PhD Student Soonbong Lee Wins Two INFORMS Awards for Research on Refugee Resettlement Process
Alongside Professor Vahideh Manshadi and other scholars, Lee created an algorithm that assigns refugees to optimal cities across the U.S. as measured by employment outcomes. Their paper on the subject was honored at the INFORMS Annual Meeting.
Soonbong Lee, a doctoral student in operations, was honored for his use of operations research to improve the refugee resettlement process at this year’s annual meeting of INFORMS (the Institute for Operations Research and the Management Sciences) in Seattle.

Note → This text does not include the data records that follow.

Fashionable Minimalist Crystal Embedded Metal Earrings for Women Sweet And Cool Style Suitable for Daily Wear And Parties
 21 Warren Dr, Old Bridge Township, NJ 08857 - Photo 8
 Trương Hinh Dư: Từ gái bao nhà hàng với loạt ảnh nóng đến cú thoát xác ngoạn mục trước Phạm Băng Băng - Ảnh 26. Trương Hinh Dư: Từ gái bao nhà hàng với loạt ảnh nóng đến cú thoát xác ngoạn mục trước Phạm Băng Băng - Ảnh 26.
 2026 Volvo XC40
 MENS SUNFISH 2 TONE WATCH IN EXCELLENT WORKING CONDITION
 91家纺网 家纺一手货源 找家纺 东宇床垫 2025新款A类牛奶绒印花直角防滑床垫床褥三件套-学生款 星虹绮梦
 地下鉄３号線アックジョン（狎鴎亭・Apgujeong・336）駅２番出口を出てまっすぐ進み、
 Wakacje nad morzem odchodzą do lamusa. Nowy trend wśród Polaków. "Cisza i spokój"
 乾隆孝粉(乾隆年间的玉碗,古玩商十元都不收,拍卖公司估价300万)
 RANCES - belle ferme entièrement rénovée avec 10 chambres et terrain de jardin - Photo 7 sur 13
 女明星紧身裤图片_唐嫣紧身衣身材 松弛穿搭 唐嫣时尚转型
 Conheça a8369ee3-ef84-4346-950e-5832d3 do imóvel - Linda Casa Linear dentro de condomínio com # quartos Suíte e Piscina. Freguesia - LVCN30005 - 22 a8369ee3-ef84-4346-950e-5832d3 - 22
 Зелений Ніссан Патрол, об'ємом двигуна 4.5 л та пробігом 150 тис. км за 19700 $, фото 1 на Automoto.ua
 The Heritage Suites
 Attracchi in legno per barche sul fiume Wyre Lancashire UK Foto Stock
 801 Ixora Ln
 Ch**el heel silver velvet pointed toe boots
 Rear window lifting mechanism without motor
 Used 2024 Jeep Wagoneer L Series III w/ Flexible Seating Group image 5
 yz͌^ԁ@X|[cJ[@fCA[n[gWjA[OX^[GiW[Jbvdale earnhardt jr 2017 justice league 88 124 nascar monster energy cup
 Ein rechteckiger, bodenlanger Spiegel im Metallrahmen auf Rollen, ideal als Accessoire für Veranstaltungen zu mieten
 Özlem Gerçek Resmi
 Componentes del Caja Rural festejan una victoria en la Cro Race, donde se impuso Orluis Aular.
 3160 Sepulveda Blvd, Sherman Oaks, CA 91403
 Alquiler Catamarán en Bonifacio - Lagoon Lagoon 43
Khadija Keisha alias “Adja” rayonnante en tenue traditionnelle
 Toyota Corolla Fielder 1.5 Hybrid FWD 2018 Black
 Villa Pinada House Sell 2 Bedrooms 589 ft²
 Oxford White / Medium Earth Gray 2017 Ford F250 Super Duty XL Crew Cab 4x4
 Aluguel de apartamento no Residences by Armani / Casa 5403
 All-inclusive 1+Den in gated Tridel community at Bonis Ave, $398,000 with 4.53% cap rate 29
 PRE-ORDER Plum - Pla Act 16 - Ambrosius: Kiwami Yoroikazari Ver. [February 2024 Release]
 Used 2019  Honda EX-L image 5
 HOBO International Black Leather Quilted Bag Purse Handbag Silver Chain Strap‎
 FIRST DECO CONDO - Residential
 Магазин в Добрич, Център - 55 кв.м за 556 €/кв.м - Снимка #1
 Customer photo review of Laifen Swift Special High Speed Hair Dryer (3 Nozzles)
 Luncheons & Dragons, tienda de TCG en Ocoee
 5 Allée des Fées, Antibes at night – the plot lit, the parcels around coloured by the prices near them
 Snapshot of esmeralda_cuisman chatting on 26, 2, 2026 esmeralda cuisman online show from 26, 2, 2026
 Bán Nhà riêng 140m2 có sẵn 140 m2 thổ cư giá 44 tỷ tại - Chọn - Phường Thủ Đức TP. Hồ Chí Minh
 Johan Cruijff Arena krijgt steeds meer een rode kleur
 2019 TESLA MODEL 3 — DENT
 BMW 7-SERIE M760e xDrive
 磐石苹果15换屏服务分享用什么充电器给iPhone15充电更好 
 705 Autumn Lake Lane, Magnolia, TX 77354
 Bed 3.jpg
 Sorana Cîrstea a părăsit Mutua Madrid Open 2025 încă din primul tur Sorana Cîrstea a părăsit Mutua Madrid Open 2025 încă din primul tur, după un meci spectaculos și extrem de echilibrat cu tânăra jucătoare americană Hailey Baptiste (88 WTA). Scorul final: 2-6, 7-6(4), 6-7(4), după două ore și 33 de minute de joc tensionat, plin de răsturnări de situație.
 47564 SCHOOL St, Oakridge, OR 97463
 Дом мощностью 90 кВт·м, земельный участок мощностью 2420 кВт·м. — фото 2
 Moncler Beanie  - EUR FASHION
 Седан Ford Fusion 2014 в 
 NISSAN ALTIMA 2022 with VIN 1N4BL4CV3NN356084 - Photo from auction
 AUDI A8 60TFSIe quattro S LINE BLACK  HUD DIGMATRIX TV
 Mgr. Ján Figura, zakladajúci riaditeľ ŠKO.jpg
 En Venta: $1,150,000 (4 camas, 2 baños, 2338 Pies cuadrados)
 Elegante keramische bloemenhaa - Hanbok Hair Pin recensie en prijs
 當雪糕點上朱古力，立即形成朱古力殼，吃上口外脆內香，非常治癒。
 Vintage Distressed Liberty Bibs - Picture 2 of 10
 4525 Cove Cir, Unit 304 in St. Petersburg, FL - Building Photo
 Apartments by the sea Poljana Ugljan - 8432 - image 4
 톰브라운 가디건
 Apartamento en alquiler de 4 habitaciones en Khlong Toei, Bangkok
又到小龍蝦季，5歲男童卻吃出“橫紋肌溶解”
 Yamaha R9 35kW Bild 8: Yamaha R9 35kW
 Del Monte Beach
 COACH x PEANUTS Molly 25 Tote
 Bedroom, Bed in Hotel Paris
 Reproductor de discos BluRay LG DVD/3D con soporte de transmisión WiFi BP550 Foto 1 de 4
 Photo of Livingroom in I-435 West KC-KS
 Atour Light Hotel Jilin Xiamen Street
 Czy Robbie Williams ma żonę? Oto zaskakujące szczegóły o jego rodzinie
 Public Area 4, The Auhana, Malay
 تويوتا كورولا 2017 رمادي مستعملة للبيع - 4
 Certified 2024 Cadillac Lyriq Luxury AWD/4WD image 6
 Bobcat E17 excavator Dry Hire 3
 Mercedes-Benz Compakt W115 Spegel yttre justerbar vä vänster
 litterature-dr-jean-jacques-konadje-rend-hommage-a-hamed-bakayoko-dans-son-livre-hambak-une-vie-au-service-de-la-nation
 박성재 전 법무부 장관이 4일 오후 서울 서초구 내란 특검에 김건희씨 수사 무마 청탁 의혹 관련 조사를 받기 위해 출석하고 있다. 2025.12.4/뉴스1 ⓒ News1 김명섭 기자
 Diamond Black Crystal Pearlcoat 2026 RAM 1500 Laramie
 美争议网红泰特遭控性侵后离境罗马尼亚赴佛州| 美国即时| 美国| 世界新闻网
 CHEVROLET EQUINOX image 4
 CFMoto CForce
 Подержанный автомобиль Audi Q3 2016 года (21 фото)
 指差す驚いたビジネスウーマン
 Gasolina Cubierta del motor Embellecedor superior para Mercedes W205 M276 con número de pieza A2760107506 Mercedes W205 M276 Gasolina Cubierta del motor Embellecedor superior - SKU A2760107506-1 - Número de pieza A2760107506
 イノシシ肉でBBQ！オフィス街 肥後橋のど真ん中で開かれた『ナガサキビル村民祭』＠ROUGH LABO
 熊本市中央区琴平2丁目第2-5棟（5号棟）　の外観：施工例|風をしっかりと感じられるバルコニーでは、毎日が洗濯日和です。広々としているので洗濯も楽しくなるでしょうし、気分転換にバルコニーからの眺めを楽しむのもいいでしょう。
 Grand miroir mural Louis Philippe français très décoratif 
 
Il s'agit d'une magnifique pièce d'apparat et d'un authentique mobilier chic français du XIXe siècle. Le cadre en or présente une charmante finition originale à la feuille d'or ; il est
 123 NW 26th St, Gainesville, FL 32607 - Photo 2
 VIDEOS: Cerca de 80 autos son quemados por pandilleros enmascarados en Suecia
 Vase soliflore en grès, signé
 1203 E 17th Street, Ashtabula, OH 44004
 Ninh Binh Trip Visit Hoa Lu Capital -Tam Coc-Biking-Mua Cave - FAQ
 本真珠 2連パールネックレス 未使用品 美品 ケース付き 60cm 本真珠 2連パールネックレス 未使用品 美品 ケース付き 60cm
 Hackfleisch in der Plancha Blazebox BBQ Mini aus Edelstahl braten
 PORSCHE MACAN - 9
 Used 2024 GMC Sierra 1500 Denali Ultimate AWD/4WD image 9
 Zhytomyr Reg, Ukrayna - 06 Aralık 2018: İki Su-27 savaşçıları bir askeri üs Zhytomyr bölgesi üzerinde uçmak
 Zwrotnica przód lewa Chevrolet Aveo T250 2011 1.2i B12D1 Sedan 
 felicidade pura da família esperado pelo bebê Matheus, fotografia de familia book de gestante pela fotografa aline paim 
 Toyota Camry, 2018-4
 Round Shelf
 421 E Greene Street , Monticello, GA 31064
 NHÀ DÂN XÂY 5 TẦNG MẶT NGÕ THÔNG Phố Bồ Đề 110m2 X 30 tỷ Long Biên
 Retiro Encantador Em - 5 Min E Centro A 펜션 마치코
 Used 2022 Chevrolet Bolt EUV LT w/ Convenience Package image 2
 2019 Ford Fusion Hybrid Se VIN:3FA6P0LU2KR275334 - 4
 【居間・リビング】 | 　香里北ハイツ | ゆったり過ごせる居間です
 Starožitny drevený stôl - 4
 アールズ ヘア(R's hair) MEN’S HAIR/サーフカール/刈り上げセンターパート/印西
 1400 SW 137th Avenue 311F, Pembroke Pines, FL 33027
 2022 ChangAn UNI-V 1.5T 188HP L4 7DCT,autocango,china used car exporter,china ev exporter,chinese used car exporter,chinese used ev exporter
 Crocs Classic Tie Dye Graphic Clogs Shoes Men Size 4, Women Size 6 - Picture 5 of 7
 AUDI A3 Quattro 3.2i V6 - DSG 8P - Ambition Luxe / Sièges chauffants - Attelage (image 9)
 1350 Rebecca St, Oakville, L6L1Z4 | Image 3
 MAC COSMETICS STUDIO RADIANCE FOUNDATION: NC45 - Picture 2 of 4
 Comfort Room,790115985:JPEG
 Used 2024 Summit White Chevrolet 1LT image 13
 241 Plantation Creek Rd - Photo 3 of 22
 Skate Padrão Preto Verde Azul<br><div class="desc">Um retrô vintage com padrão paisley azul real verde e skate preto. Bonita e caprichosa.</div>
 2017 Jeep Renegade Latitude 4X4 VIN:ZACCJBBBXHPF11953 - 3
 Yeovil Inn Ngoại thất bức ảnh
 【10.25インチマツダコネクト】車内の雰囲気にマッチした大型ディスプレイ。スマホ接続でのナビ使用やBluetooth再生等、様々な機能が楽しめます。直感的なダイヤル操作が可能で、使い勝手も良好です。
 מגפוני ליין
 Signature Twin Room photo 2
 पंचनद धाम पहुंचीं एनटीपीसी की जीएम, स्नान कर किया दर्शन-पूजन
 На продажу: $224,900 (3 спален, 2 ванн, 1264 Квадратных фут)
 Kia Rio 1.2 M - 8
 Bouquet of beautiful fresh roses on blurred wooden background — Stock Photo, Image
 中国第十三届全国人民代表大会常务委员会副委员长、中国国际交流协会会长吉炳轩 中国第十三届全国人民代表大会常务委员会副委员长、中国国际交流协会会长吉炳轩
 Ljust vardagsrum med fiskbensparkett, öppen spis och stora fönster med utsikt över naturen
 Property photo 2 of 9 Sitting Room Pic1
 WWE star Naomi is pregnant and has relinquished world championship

A paper co-authored by Lee, Professor Vahideh Manshadi, and several other scholars, “Dynamic Matching with Post-Allocation Service and its Application to Refugee Resettlement,” won the Michael H. Rothkopf Junior Researcher Paper Prize, which recognizes the best paper on auctions or market design by a young researcher. It also won the annual MSOM Student Paper Competition, which honors an outstanding paper in the field of operations management.
Each year, American resettlement agencies place tens of thousands of refugees in new homes across the country. However, these agencies often struggle to predict where individual refugees are most likely to find employment without stretching local service providers beyond capacity. Lee and Manshadi worked with Kirk Bansak of the University of California, Elisabeth Paulson of Harvard Business School, and Rad Niazadeh of the University of Chicago to create an algorithm that helps agencies make these decisions efficiently and strategically.
The new algorithm uses a machine-learning model to predict the employment outcomes of refugees with certain characteristics (like country of origin, language skills, gender, and age) in different locations. Rather than basing suggestions on outdated information on how many and what kind of refugees are arriving, the algorithm also takes into account the composition of the current year’s refugee pool when making assignments, learning the arrival pattern from week to week and improving its placement suggestions over time. When Lee and his co-researchers tested their algorithm on data from a major U.S. resettlement agency they collaborated with, they found that the algorithm improves employment outcomes and average backlog among local service providers by 50% and 30%, respectively.
Lee, a fourth-year PhD student, came to Yale after earning a B.S. in applied statistics, a bachelor of business administration, and a master’s degree in management science from Yonsei University in Seoul, Korea. He researches the design and operation of online matching platforms, with a particular focus on nonprofit and public-sector applications.